##### SUPPLIED MATERIAL #####

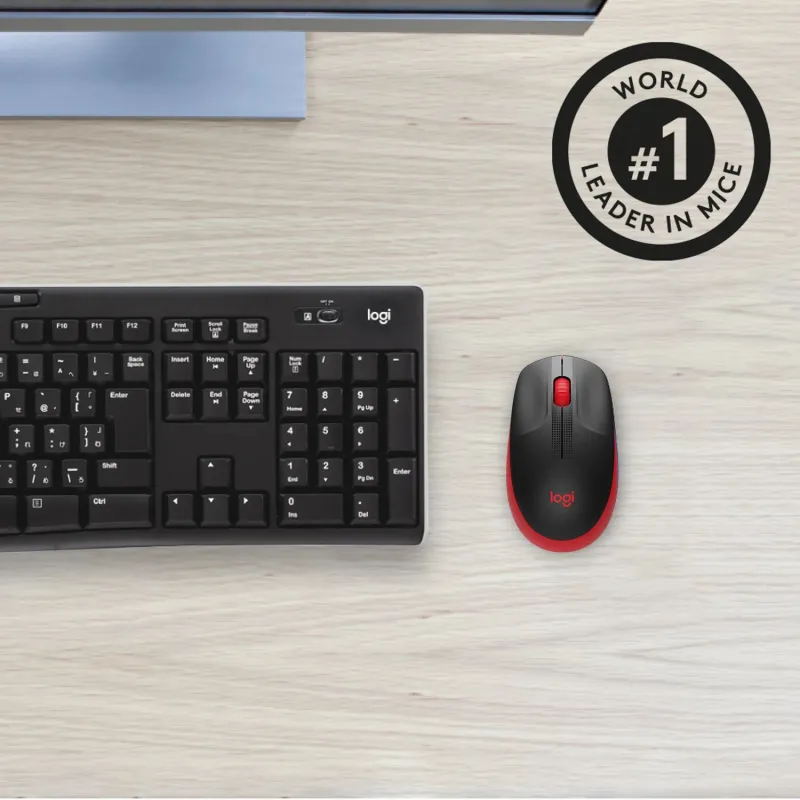Logitech - Full size Mouse - M190 - Wireless - USB - Red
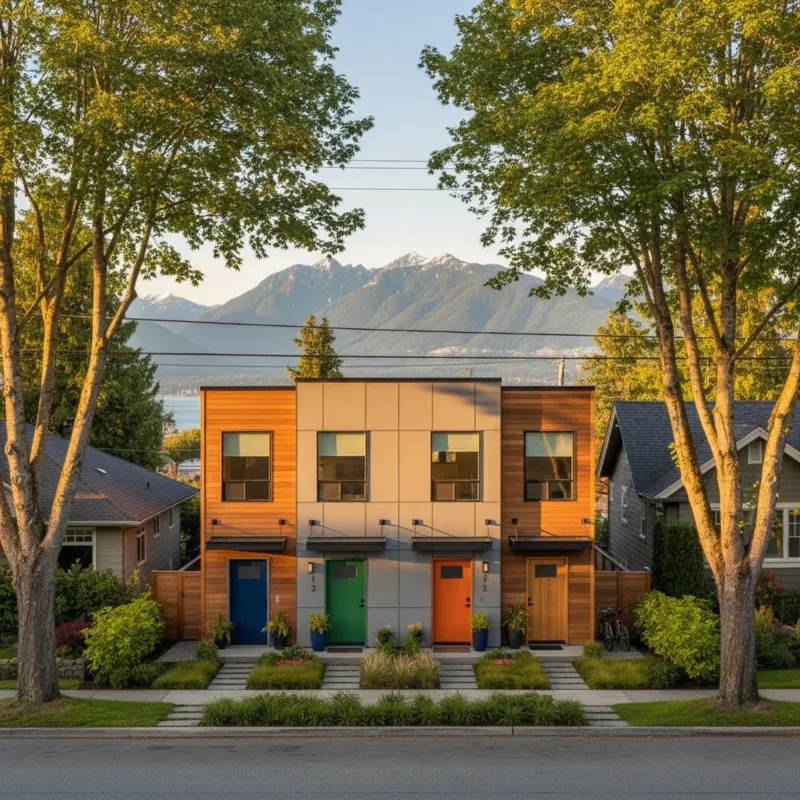 A four-unit multiplex with four coloured front doors on a Vancouver street, with the North Shore mountains behind it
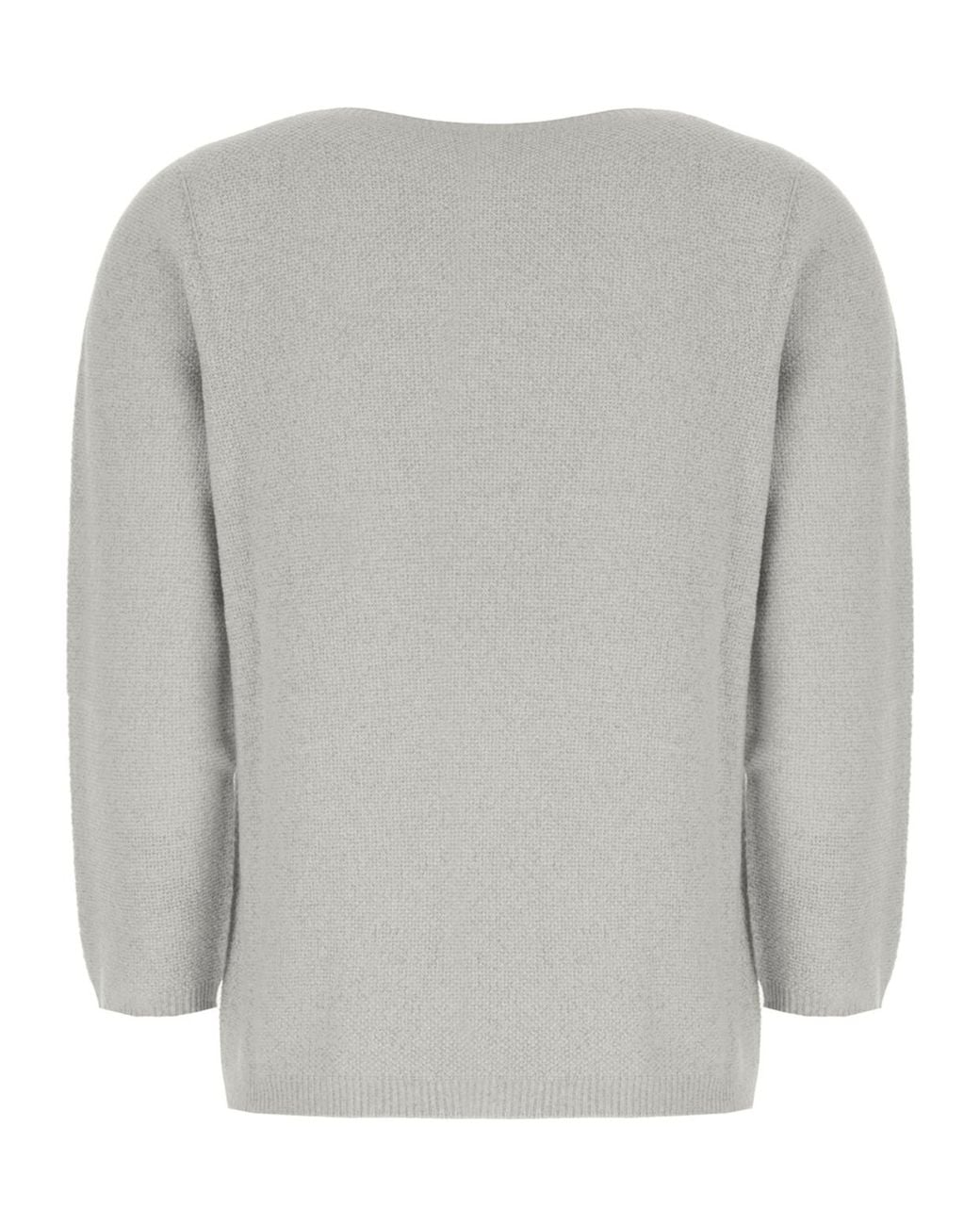Fabiana Filippi Gray Lurex Boat-Neck Knitted Jumper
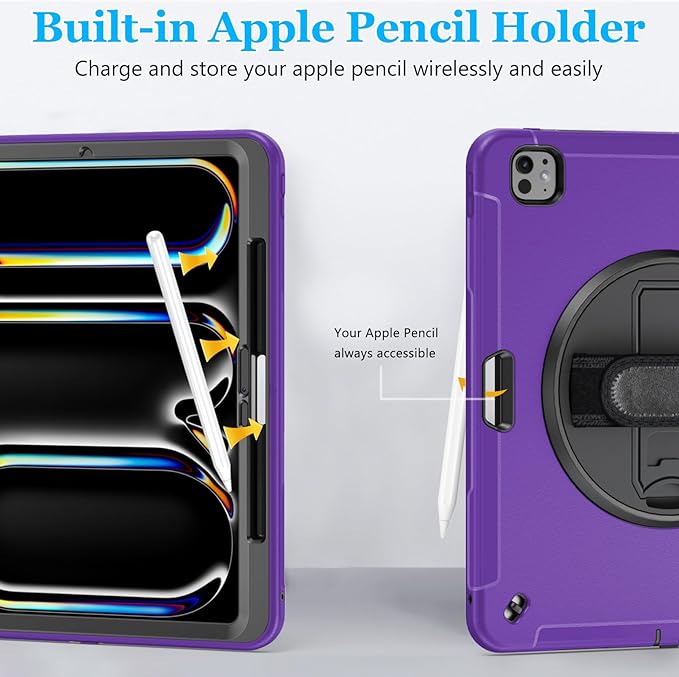 Case for iPad Pro 13 Inch M5 2025/ M4 2024: Military Grade Cover for iPad Pro 13" with Screen Protector - Stand - Handle - Shoulder Strap - Pencil Holder- Purple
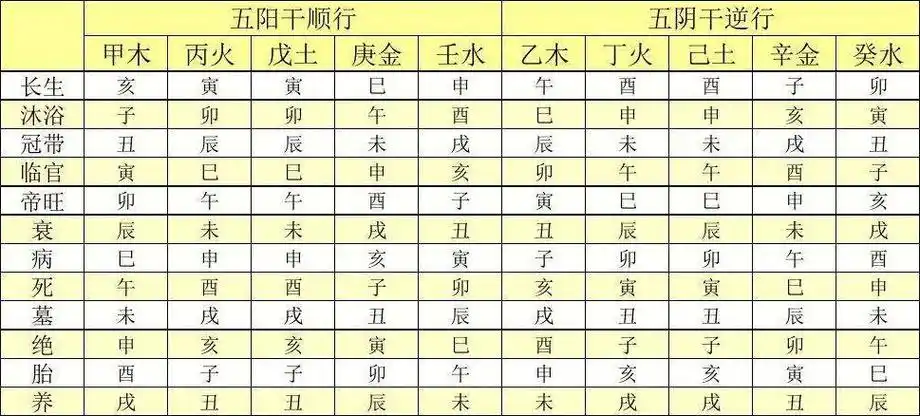 求职日记#四柱八字十二长生 用日柱的天干对照出生的年,月,日,时四柱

#####

YOUR OBJECTIVE »
The expected output is the whole listing, word for word, minus its pictures.

ANSWER SPACE »
Logitech - Full size Mouse - M190 - Wireless - USB - Red
 A four-unit multiplex with four coloured front doors on a Vancouver street, with the North Shore mountains behind it
Fabiana Filippi Gray Lurex Boat-Neck Knitted Jumper
 Case for iPad Pro 13 Inch M5 2025/ M4 2024: Military Grade Cover for iPad Pro 13" with Screen Protector - Stand - Handle - Shoulder Strap - Pencil Holder- Purple
 求职日记#四柱八字十二长生 用日柱的天干对照出生的年,月,日,时四柱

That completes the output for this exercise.